_Exercise brief_: Output, without alteration, the first line of the entries and each line after it, stopping with the line that contains "SILBON CINTURÓN DE PIEL SILBON CASUAL MARRON".

The input section start

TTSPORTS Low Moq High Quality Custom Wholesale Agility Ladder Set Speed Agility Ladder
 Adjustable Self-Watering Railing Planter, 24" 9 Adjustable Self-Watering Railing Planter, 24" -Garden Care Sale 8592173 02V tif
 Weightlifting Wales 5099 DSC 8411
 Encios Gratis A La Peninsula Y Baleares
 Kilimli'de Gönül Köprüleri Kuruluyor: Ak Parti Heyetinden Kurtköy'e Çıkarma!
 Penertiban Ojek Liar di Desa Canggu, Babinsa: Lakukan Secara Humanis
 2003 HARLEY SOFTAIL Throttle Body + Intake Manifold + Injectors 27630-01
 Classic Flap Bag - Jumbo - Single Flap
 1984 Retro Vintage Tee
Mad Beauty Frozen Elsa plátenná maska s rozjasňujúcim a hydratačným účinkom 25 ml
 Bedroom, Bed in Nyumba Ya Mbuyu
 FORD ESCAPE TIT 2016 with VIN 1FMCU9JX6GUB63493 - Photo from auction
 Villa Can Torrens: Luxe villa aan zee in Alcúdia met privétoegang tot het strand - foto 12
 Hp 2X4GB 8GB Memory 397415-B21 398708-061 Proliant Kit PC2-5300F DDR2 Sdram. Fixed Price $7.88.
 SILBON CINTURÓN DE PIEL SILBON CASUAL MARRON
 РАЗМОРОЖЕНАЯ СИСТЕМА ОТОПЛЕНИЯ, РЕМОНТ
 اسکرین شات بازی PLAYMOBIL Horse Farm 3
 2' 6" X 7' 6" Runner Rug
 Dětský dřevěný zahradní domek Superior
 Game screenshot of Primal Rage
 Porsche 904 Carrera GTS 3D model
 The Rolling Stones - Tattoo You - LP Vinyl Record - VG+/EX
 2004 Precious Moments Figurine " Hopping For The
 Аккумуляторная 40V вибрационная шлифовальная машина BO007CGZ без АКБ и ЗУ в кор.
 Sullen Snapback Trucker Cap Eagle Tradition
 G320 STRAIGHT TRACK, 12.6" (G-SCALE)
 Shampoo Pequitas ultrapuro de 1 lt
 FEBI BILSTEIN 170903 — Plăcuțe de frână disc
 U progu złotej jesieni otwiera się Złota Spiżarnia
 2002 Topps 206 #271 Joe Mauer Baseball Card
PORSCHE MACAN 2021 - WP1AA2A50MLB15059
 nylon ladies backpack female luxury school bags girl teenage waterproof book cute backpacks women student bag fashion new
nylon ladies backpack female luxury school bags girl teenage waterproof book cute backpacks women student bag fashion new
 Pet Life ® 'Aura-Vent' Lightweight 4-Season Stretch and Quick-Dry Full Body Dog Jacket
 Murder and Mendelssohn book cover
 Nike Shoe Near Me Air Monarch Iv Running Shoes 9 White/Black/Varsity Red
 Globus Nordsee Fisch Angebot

The input section end

_Exercise result_:
TTSPORTS Low Moq High Quality Custom Wholesale Agility Ladder Set Speed Agility Ladder
 Adjustable Self-Watering Railing Planter, 24" 9 Adjustable Self-Watering Railing Planter, 24" -Garden Care Sale 8592173 02V tif
 Weightlifting Wales 5099 DSC 8411
 Encios Gratis A La Peninsula Y Baleares
 Kilimli'de Gönül Köprüleri Kuruluyor: Ak Parti Heyetinden Kurtköy'e Çıkarma!
 Penertiban Ojek Liar di Desa Canggu, Babinsa: Lakukan Secara Humanis
 2003 HARLEY SOFTAIL Throttle Body + Intake Manifold + Injectors 27630-01
 Classic Flap Bag - Jumbo - Single Flap
 1984 Retro Vintage Tee
Mad Beauty Frozen Elsa plátenná maska s rozjasňujúcim a hydratačným účinkom 25 ml
 Bedroom, Bed in Nyumba Ya Mbuyu
 FORD ESCAPE TIT 2016 with VIN 1FMCU9JX6GUB63493 - Photo from auction
 Villa Can Torrens: Luxe villa aan zee in Alcúdia met privétoegang tot het strand - foto 12
 Hp 2X4GB 8GB Memory 397415-B21 398708-061 Proliant Kit PC2-5300F DDR2 Sdram. Fixed Price $7.88.
 SILBON CINTURÓN DE PIEL SILBON CASUAL MARRON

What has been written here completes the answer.